Israel juga berencana untuk mulai membangun pagar di perbatasannya dengan Lebanon tahun depan, menambah pagar yang sudah ada sejak tahun 1970.
Proyek tembok perbatasan menunjukkan Israel semakin mengandalkan tembok berteknologi tinggi sebagai bagian dari strategi keamanannya.
Di Bawah Pengepungan
PBB memprediksi pada tahun 2012 bahwa Gaza tidak akan dapat ditinggali pada tahun 2020.
Warga Palestina mengatakan penghalang baru hanya akan memperburuk kondisi lebih lanjut.
Penduduk Gaza hidup dalam bahaya, dengan sedikit akses ke air minum bersih, kekurangan listrik yang melumpuhkan, dan sistem perawatan kesehatan dan pendidikan yang tidak sesuai.
Sekitar 97 persen air minum Gaza terkontaminasi, dan penduduk terpaksa hidup dengan pemadaman listrik terus-menerus karena jaringan listrik yang rusak parah.
‘Tujuannya adalah untuk membunuh harapan kita dalam hidup dan mengisolasi kita dari dunia dan Tepi Barat’
– Ruwaida Amir, guru dan jurnalis
Kondisi kehidupan yang mengerikan telah menciptakan epidemi kesehatan mental, menyebabkan tingkat bunuh diri melonjak di Jalur Gaza.

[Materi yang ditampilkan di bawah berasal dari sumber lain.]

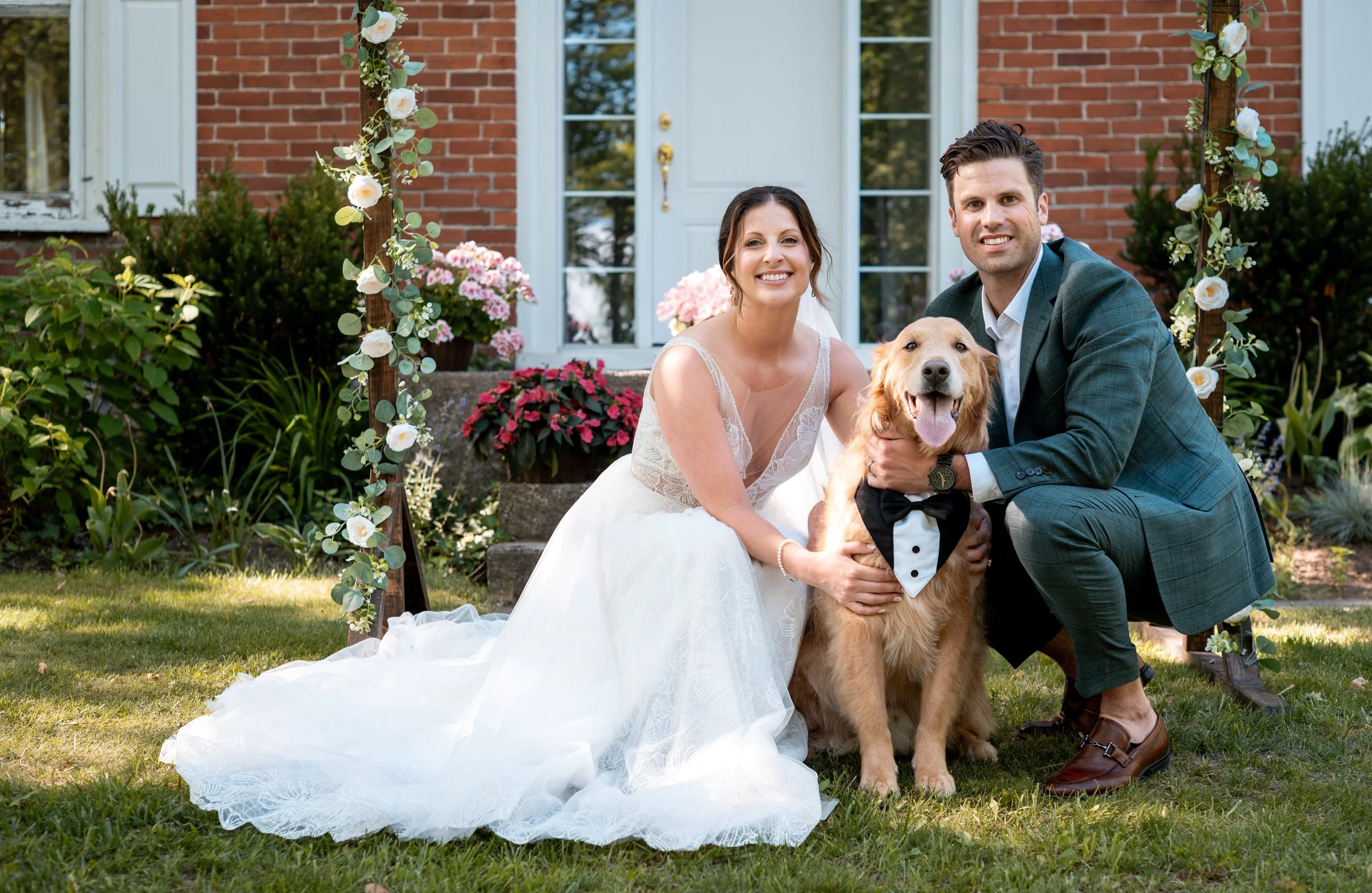 A smiling bride and groom with a large Golden Retriever dressed in a tuxedo, posing for a photo outside a brick house with a white door, surrounded by flowers and greenery, during a wedding celebration.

Menurut UNRWA, badan PBB yang peduli dengan pengungsi Palestina, konflik dan blokade selama bertahun-tahun telah membuat 80 persen penduduk Gaza bergantung pada bantuan internasional.
“Kadang-kadang kita mendengar bahwa ada upaya yang dilakukan yang akan memungkinkan akses kita ke dunia, tetapi pagar ini sekarang ditujukan untuk menahan kita di penjara ini. Tujuannya adalah untuk membunuh harapan kita dalam hidup dan mengisolasi kita dari dunia dan Bank Barat,” kata Amir.
“Alih-alih menemukan solusi untuk pengepungan, sekarang telah dibuat permanen. Israel tidak akan bisa mengubur Gaza di balik tembok.”